The present project aims to create new ways of analyzing time-related processes in post-tonal instrumental and electronic music based on findings and research methods developed in the earlier FWF-projects A Context-Sensitive Theory of Post-tonal Sound Organization [CTPSO] (2012–14) and Performing, Experiencing and Theorizing Augmented Listening [PETAL] (2017–20). In particular we will extend the concept of “cadence” from its standard use in the analysis of tonal music to post-tonal and sound-based musical works of the past hundred years. In addition to pitch-based harmonic processes, our concept of post-tonal cadence will preserve fundamental properties of tonal cadences such as instability/stability and motion/rest. Moreover, we will show how the perception of cadential moments might be conditioned by additional musical dimensions such as tempo, timbre, density, texture, and space. In a broader sense, such moments can be considered “points of discontinuity” in which endings and new beginnings meet. The relative salience (perceptual prominence) of these points is crucial for the formal design of a specific piece of music, resulting in different levels of segmentation of the musical flow into discrete phrases or sections. A meaningful categorization of these kinds of segmentation is the main objective of our project. As theoretical tools for categorizing cadential points, we will use the concepts of “entropy” (degree of order/disorder), “convergence/divergence,” and “continuity/discontinuity.”
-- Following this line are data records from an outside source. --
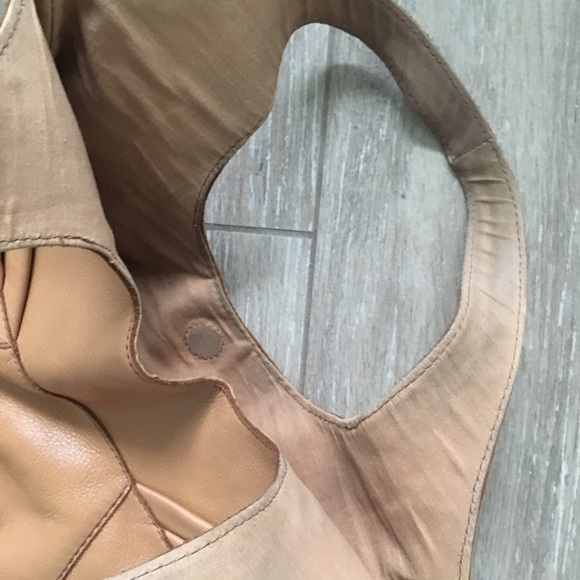 SOlD in bundle 💕Lucky Brand Leather Shoulder Tote - Picture 6 of 7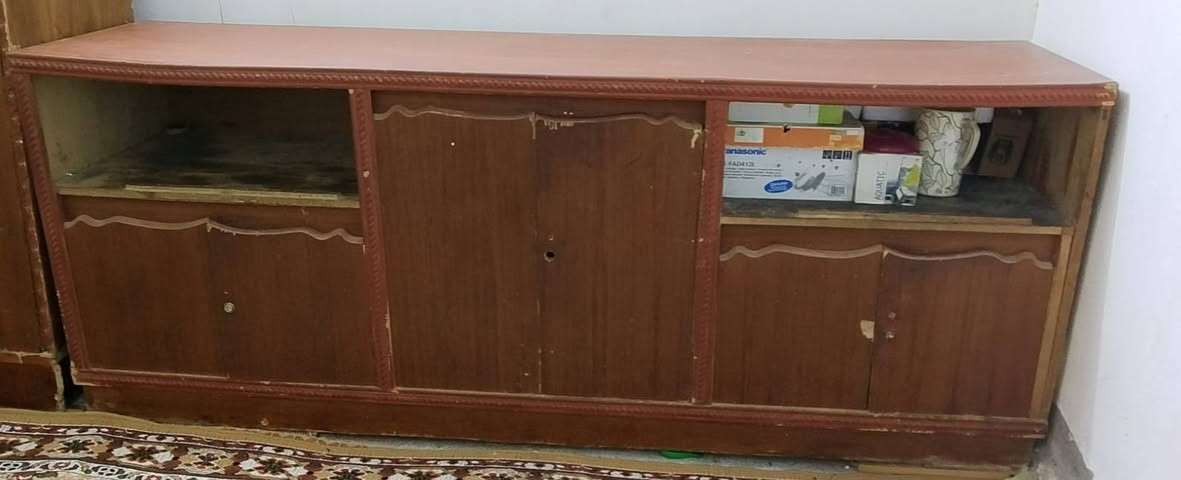 للبيع  .  كنتور 3 ابواب مع بوفية مترين ونص خشب ثقيل مع ميز أبو ألمرأآة مع زآوية  . سعر 150 بيهن مجال


**إذا كنت صاحب هذا الإعلان وتريد حذفه لأي سبب، رجاءا أرسل رسالة إلى الدعم الفني**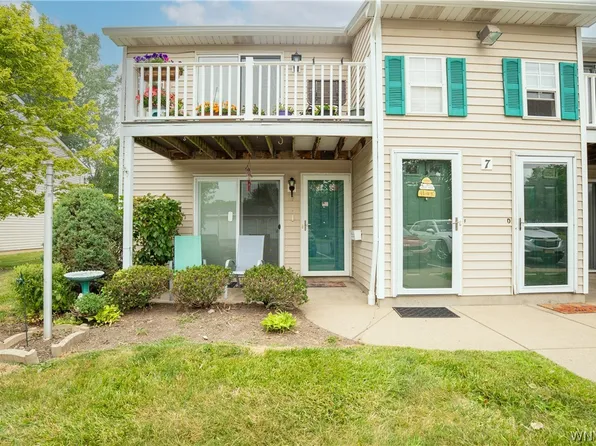 7 E Sunmist Sq, Amherst, NY 14228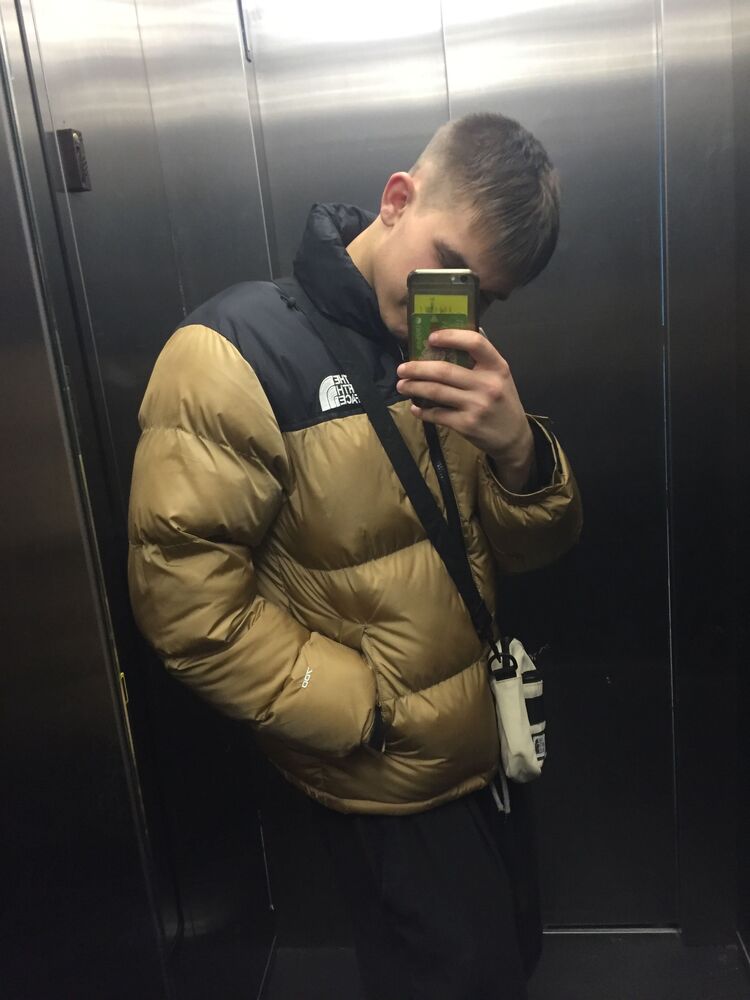  32798473  , 24 ,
Our research is divided into three stages: (1) Points and degrees of segmentation will be identified in a broad repertoire of post-tonal instrumental and electronic works, based on perception-sensitive analytical methods as well as web-based experiments with external listeners. (2) Building on an evaluation of these research data, we will formulate hypotheses on how the organization and perception of cadential moments in post-tonal music might be categorized and described in a nuanced, context-sensitive manner. (3) Electronic sound sequences will be created as models representing these hypotheses. These models will be used in perceptual experiments with expert and non-expert listeners. The results of these experiments will serve to further refine our theoretical model of cadence and temporal organization in post-tonal music.
Outcomes will be made accessible through a project website, a number of peer-reviewed articles in open access journals, as well as a public two-day conference at the end of the project involving external collaboration partners from Graz, Linz, Montreal, and Portland. The technological output of our research includes the development of a software for the segmentation of musical examples and the analysis of spatial structures that may find further use in the field of electronic music. All data assembled during our research will be made accessible in anonymized form through an open access github repository.